At it's heart, I believe Kansas City is a baseball town. For the last four days, it was. And it was great.

I'm over the "Boo Cano" moment. If a national writer wants to bloviate, we can't stop them. Sad when a local based national guy like Jeff Passan fails to grasp what it was all about. My favorite comments were along the lines of the KC fans taking the Royals out of the running for Cano when he becomes a free agent. Because that was a lead pipe cinch that was going to happen.

I still regret nothing.


Cool moments:

-- Former umpire Steve Palermo walking out with the umpiring crew for the exchange of lineup cards. If you don't know the Palermo story, take a moment to read about it. I've had the pleasure to meet him a few times and he's truly an inspirational guy. Very nice that MLB take a moment to honor him before the game.

-- This...


-- The Melk Man winning the MVP. I was happy for him, but damn does that trade look worse every day.

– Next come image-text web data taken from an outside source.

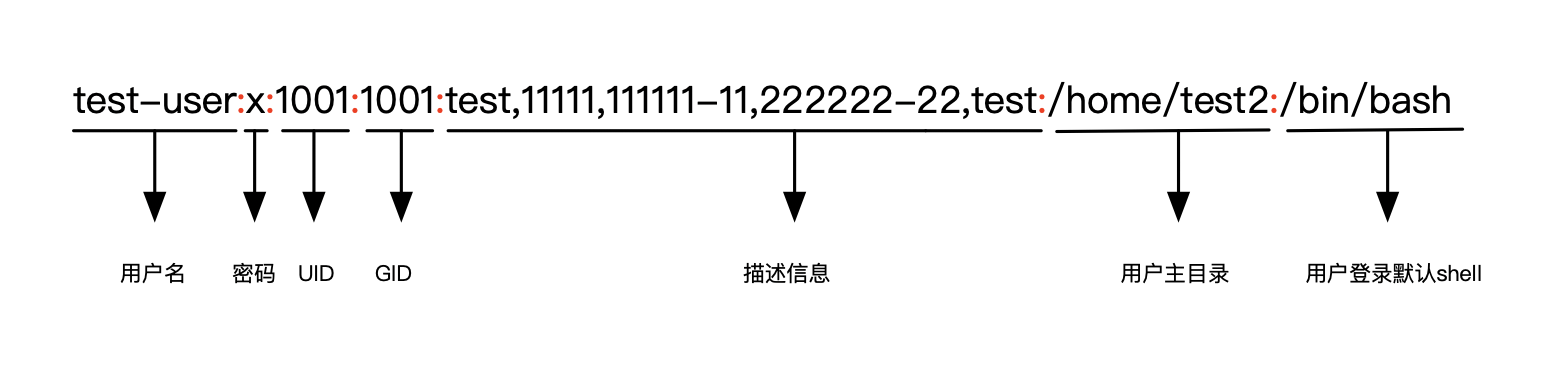 1607657766_5fd2e926952afffe8e697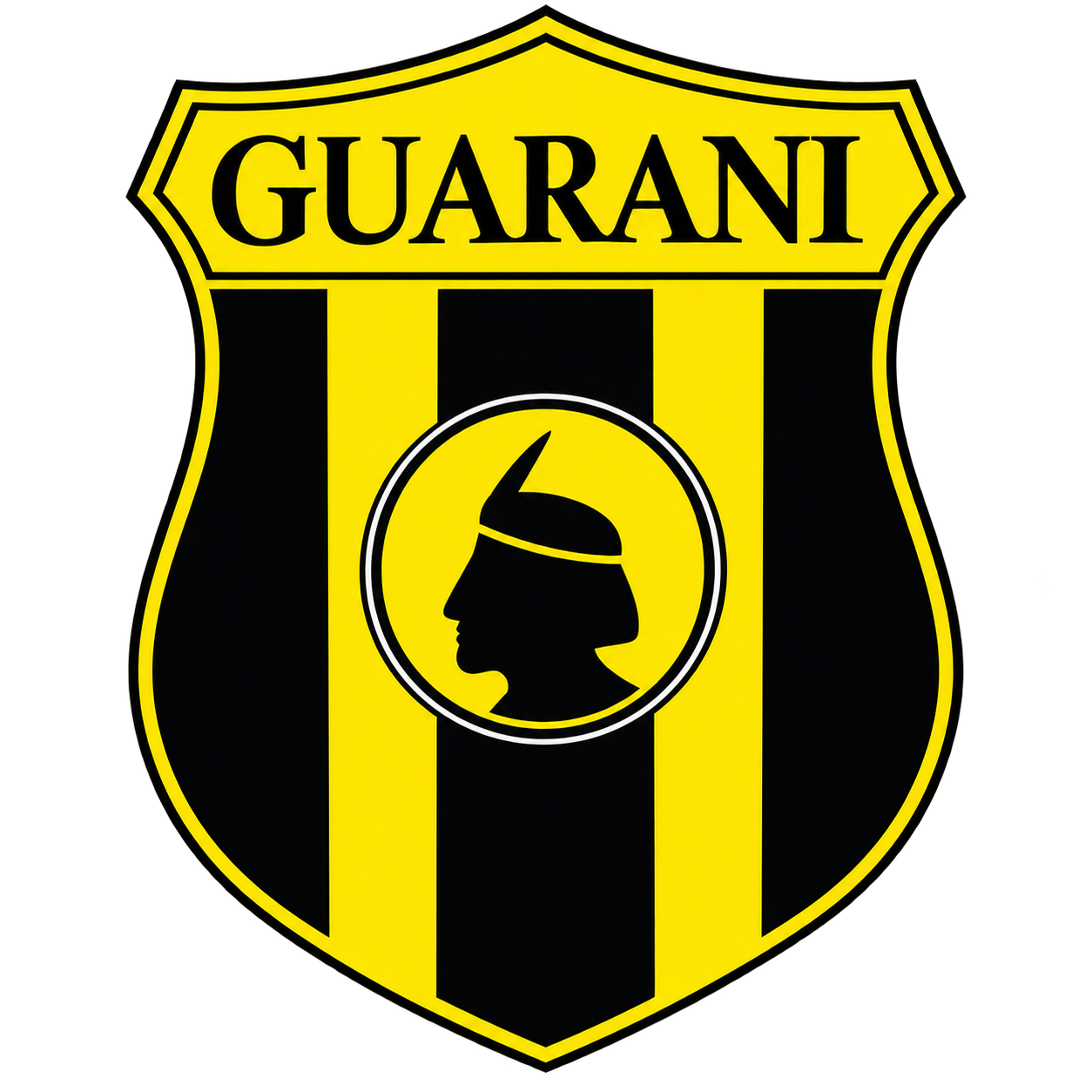 GUA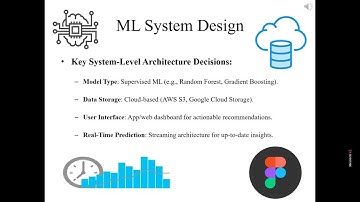 Managing Machine Learning Projects | Duke University | Peer Graded Assignment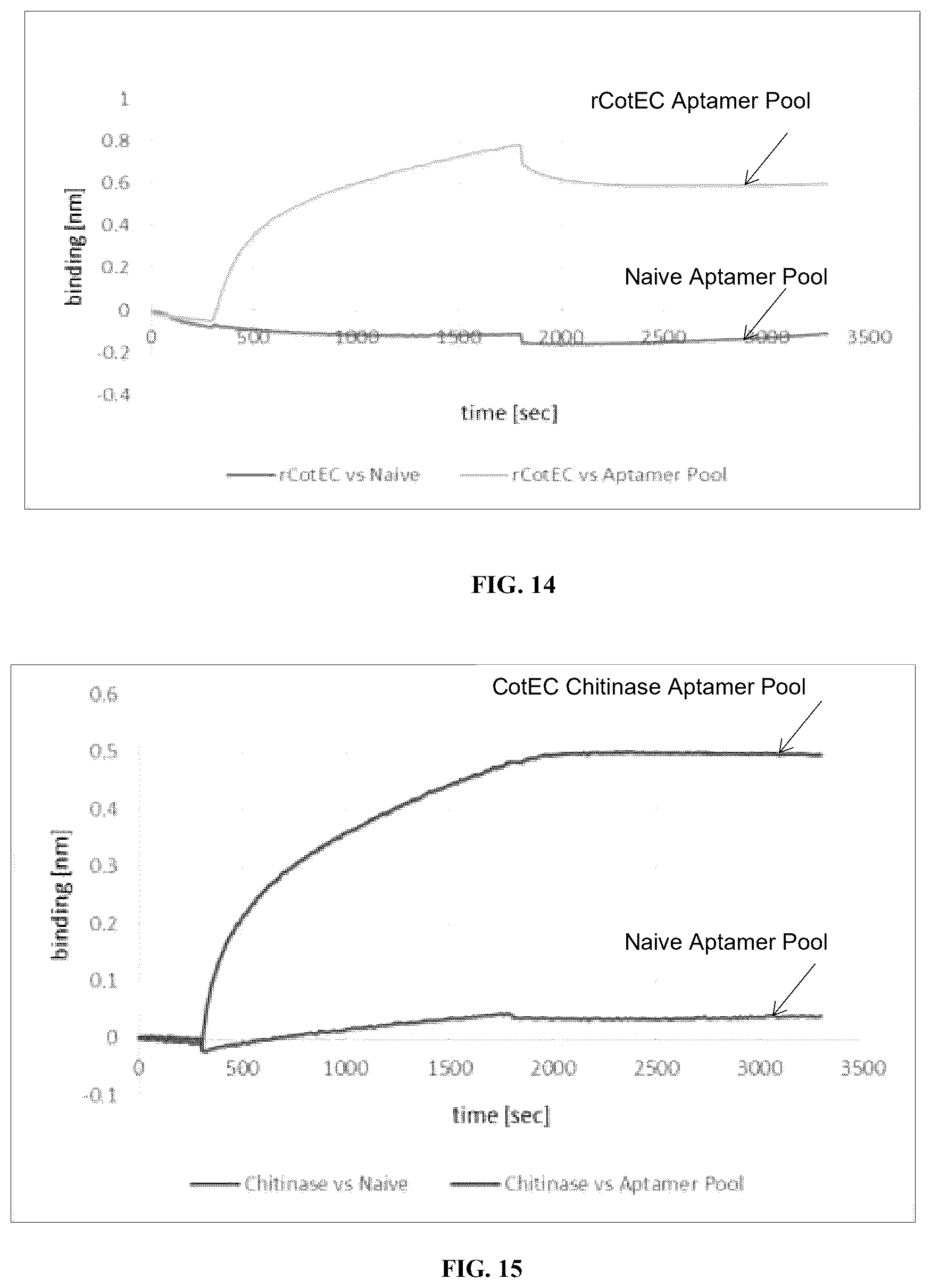 Patent US12338442 Figure 11 – Aptamers against clostridium difficile
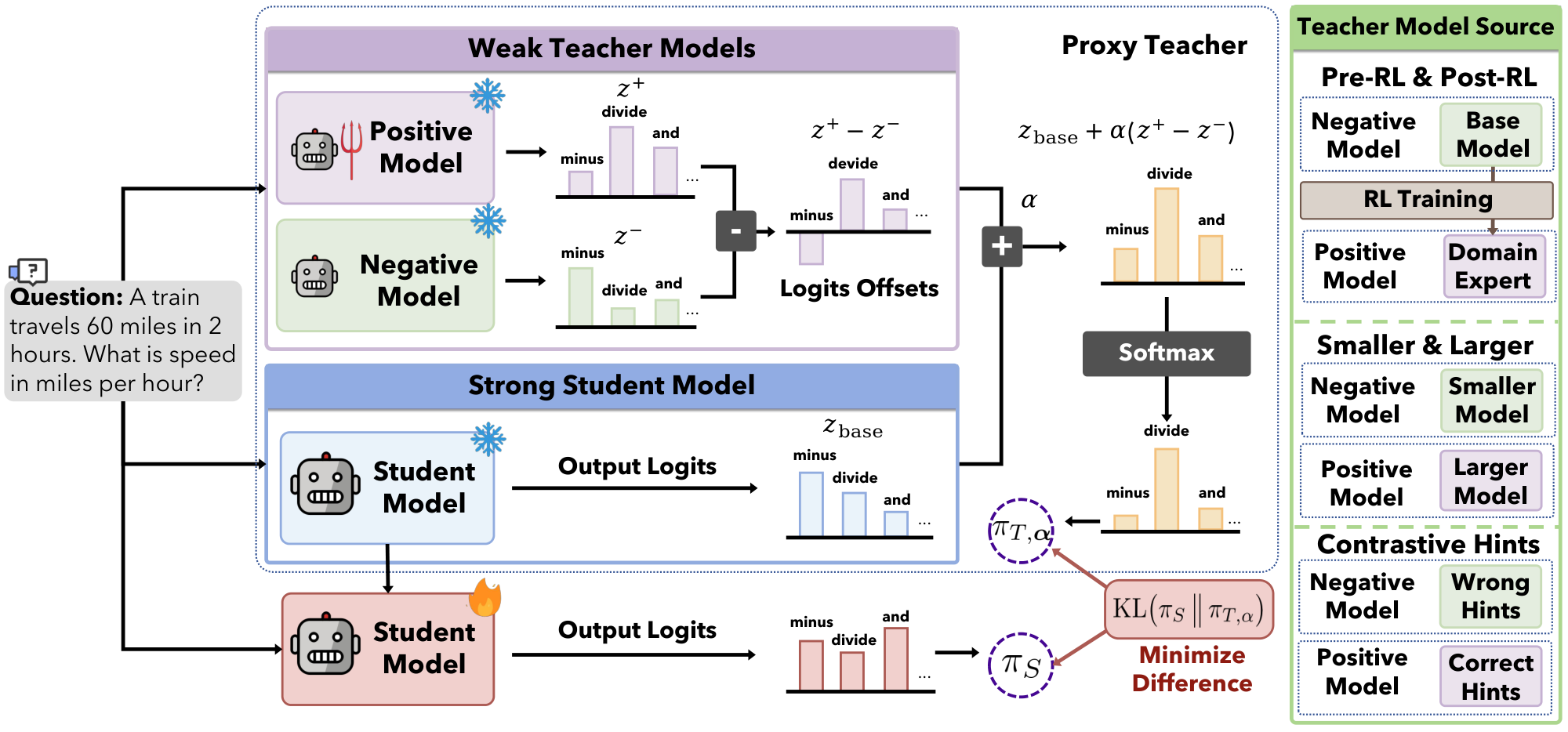 **Figure 2:** Overview of W2S-OPD. W2S-OPD synthesizes a proxy teacher and distills it into a student. A positive and a negative model form a contrast pair whose logit difference isolates a capability direction. The student $\pi_S$, initialized from the same base model, generates on-policy rollouts and minimizes the per-token reverse KL toward this proxy teacher. The contrast pair can be instantiated as a post-RL expert against its pre-RL initialization, a larger base model against a smaller one, or a single model conditioned on correct against wrong hints.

Like it needs the help.

-- No clue what was up with Melky's electric shoes. Easy to find.


-- The flashbulbs for the Billy Butler plate appearances were fun to see. I was in the left field seats above the fountains, so I had a perfect view of the rest of the crowd. Don't believe we've ever had a flashbulb moment at the K.

-- I want to name a defensive play of the game here... Maybe Jose Bautista's dive on a sinking liner in right? Nice play, but lost in the context.

-- The pregame introductions with the crowd wearing their color coordinated t-shirts and the giant American flag on the field...


-- In between a pitching change in the ninth, the scoreboard showed a video on George Brett and what he meant to the franchise. A nice tribute to a man who really filled the role of Ambassador this week. The guy was everywhere. However, the biggest cheer for the video came when Frank White made an appearance.

The bizarre:

-- Bryce Harper losing the fly ball in the dusk. Clown catch, bro. (I know... Lame. I'm required by the Blogger Union.)

-- Ron Washington choosing to stick with David Ortiz for two plate appearances after Ortiz said he would hit just once before giving way to Butler. With the lefty Kershaw on the mound, it was actually an opportunity to play the splits.

-- Justin Verlander allowing five runs on four hits and two walks. Including the first ever bases loaded triple in All-Star history. The following pitch was one of the few that didn't immediately result in a base runner.


-- Speaking of triples, the National League hit three. You'd think this game was played on AstroTurf by men with the names of Moreno, Coleman and Wilson.

-- The pregame performers. Where do they find these people?

-- Garth Brooks singing that dreadful song on the scoreboard. Screw him. Seriously.

Thanks for coming, baseball. We had a great time. See you in another 39 years.